Generally community archaeology can be defined as archaeology by the people for the people. But sometimes defining the “people” (community) is incredibly challenging. For instance, what happens if there is more than one community? How do we know who belongs, or doesn’t, in a community? How is a community constituted and how is it defined? Communities involve all kinds of people who come together for all kinds of reasons – jobs, schools, a nice place to live, to be close to relatives – the causes are endless. Because so many different people make up a community they can’t always come to a consensus on various issues that confront them. This is why we try to talk with as many people from the various communities associated with the Dead Sea Plain in Jordan. We want to include as many voices as possible in trying to understand how people interact with the landscape and the pots.

Archaeologists, especially historical archaeologists have been working with communities for years, but for those of us who work in prehistory it is a fairly new practice. For an excellent example of groundbreaking work in the area of public/community archaeology at a Neolithic site is at Çatalhöyük in Turkey, under the direction of Ian Hodder [http://www.catalhoyuk.com/]. Talking to people about their interactions with the Early Bronze Age objects and landscapes is integral to a holistic approach to understanding the archaeology of the region.

We think that a key element of community archaeology is listening to local partners. We spend a lot of time drinking tea and coffee with people, listening to the stories of their childhood, their families, their neighborhoods, and the changing landscapes. The communities associated with Follow the Pots, are not just people from the Mazraa, es-Safi, and Fifa area, although they are our closest communities and they are the people who have had the longest associations with these landscapes. Our communities also include the archaeologists, collectors, dealers, government employees, heritage experts, lawyers, middlemen, museum professionals, students, and tourists – anyone with an interest (academic, artistic, economic, and/or professional) in the pots and the landscape of the Dead Sea Plain, Jordan.

How can archaeology serve the community in which it occurs?

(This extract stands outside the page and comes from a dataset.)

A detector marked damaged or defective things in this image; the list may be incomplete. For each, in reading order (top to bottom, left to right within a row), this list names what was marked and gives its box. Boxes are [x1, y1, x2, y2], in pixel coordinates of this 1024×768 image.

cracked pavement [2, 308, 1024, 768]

We are often asked why anyone would agree to speak with us or why they would tell us about the sometimes illegal acts they are engaged in (looting, moving/selling/buying illegally excavated artifacts). What’s in it for the communities associated with these pots and landscapes?

It has been an eye opening experiences for us – when we started this research we were amazed to find that people love to talk about themselves, their lives, their histories, and their places. Are part of our research into local interaction with the landscapes of the dead we are interested in coming up with strategies that will allow people to connect with landscape in a way that doesn’t involve illegal digging and removing pots. We are trying to understand “why looting matters” – if it matters because it is a source of income we, in collaboration with locals, want to think about how the landscape might generate a different kind of employment, perhaps through environmentally sustainable heritage tourism.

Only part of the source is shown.